▼

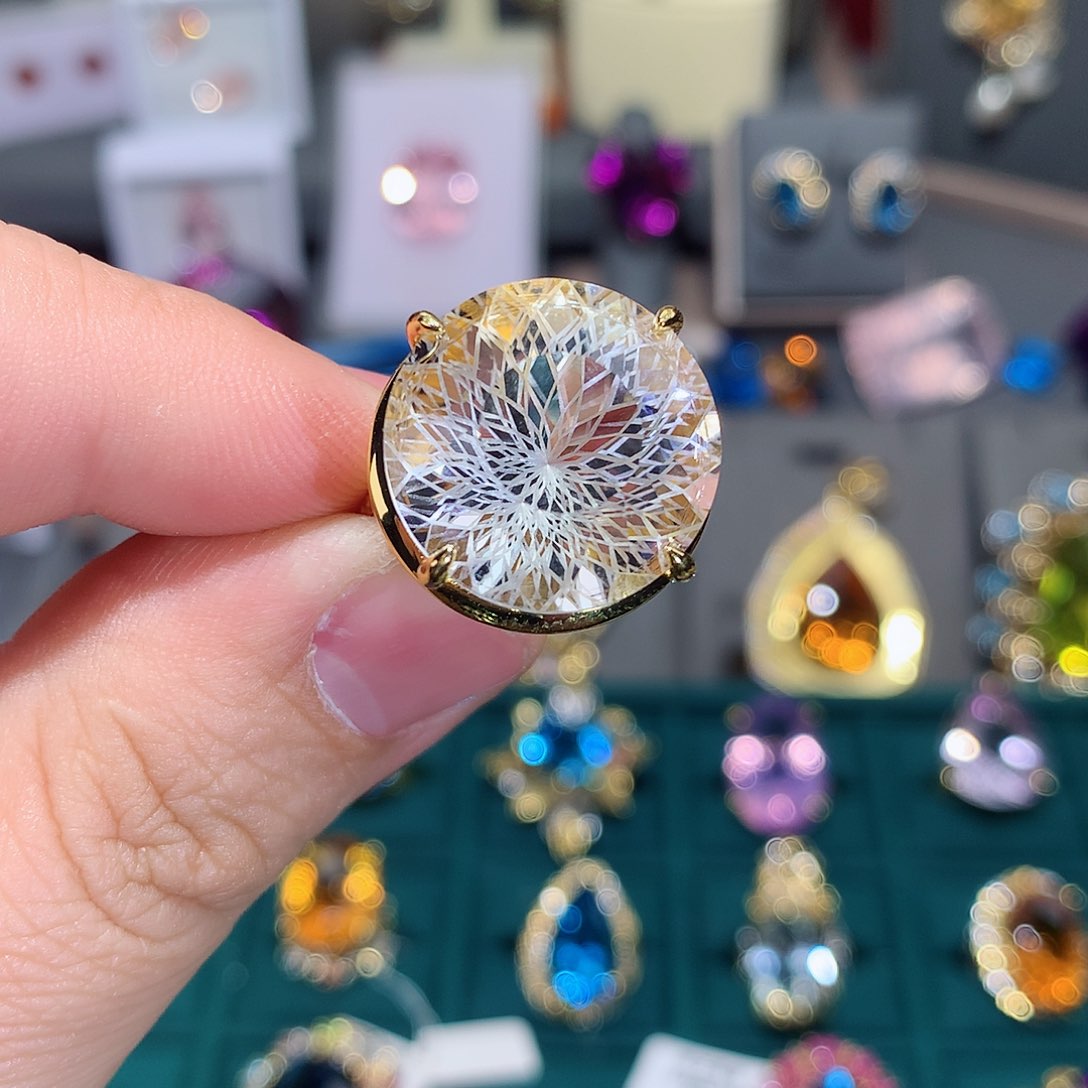 托帕石戒指银S925镶嵌戒指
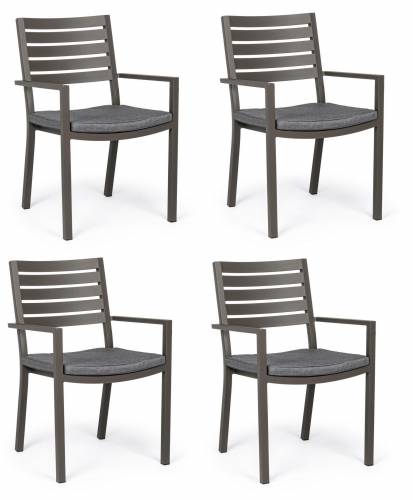 Set 4 scaune de gradina / terasa din metal cu perne detasabile - Helina Gri / Grej - l55xA56 - 5xH86 - 5 cm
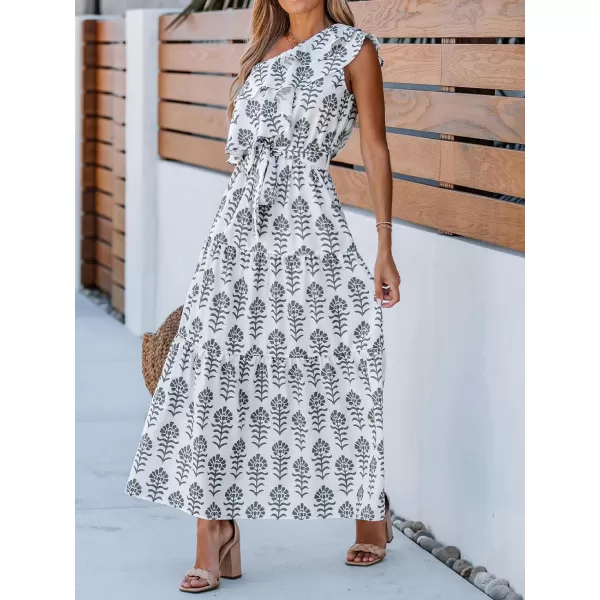 imageCUPSHE Womens Print Ruffled OneShoulder Dress Summer Maxi Dress with Selftie Sash BeltWhite Foral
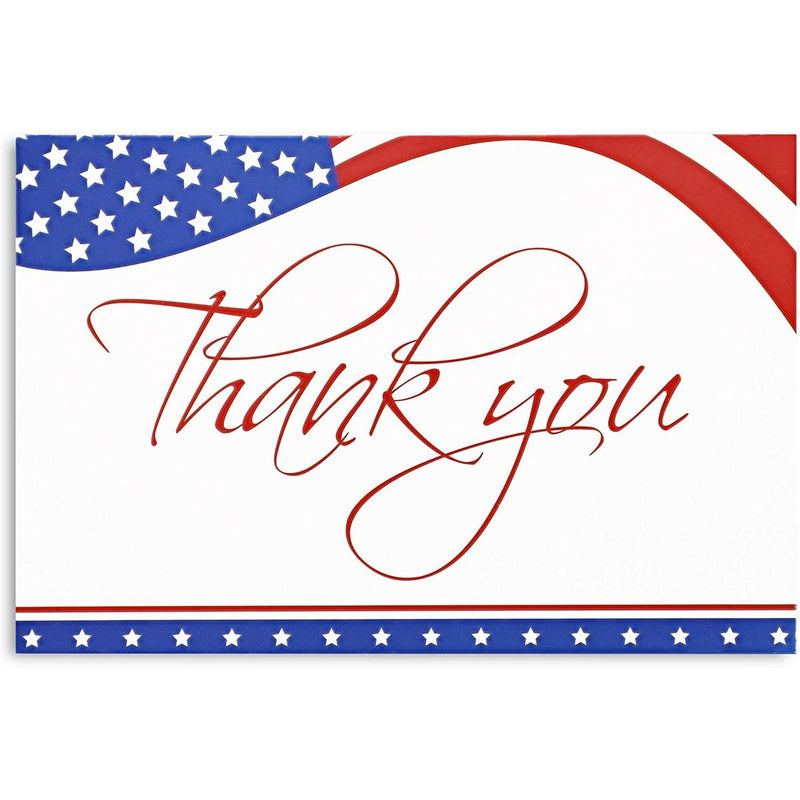 American Flag Thank You Cards with Envelopes Bulk Set, Blank (4x6 In, –  Pipilo Press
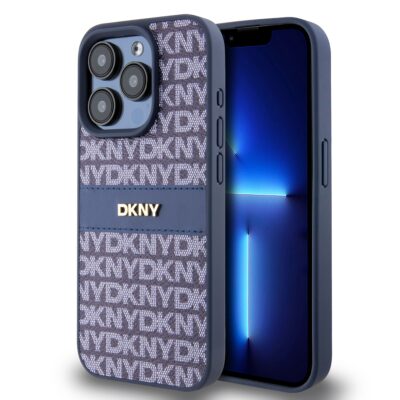 Mėlynas dėklas telefonui Apple Iphone 15 Pro Max su DKNY PU odos raštu ir juostele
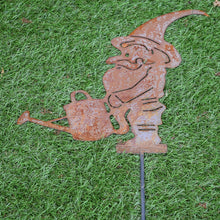 Lade das Bild in den Galerie-Viewer, Beetstecker aus Metall Zwerg Gießkanne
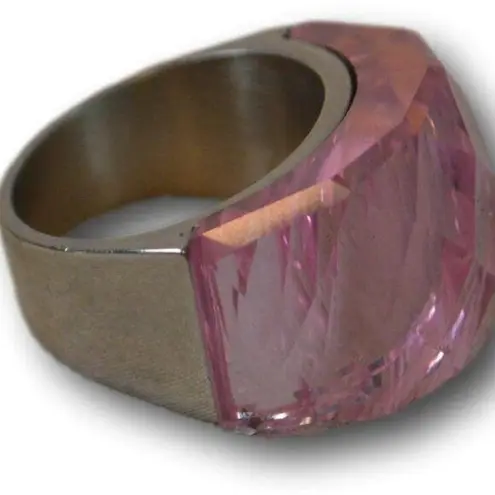 Bold Faceted Nirvana Blue Crystal Statement Ring Wide Band Cocktail Ring Size: 8 Pink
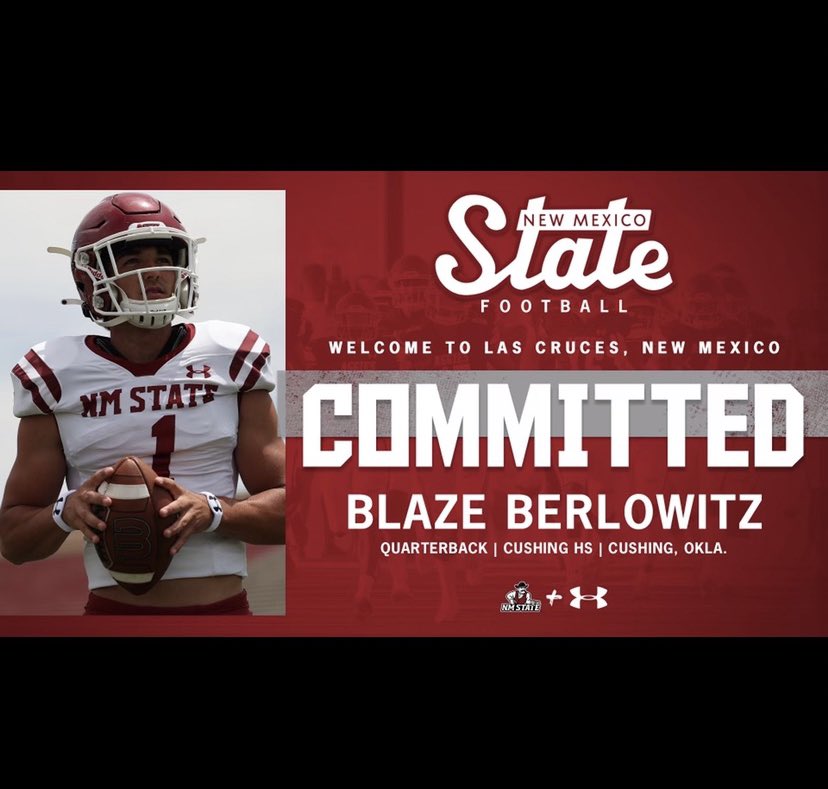 BlazeBerlowitz's tweet photo. Blessed and Excited to announce my commitment to New Mexico State University! Thank you to everyone who has helped and supported me throughout my journey! Glory be to God! Let’s get it @NMStateFootball https://t.co/MyRCb0X7mg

▲

Print each line of the listing exactly and include no pictures.

Result —
 托帕石戒指银S925镶嵌戒指
 Set 4 scaune de gradina / terasa din metal cu perne detasabile - Helina Gri / Grej - l55xA56 - 5xH86 - 5 cm
 imageCUPSHE Womens Print Ruffled OneShoulder Dress Summer Maxi Dress with Selftie Sash BeltWhite Foral
 American Flag Thank You Cards with Envelopes Bulk Set, Blank (4x6 In, –  Pipilo Press
 Mėlynas dėklas telefonui Apple Iphone 15 Pro Max su DKNY PU odos raštu ir juostele
 Lade das Bild in den Galerie-Viewer, Beetstecker aus Metall Zwerg Gießkanne
 Bold Faceted Nirvana Blue Crystal Statement Ring Wide Band Cocktail Ring Size: 8 Pink
 BlazeBerlowitz's tweet photo. Blessed and Excited to announce my commitment to New Mexico State University! Thank you to everyone who has helped and supported me throughout my journey! Glory be to God! Let’s get it @NMStateFootball https://t.co/MyRCb0X7mg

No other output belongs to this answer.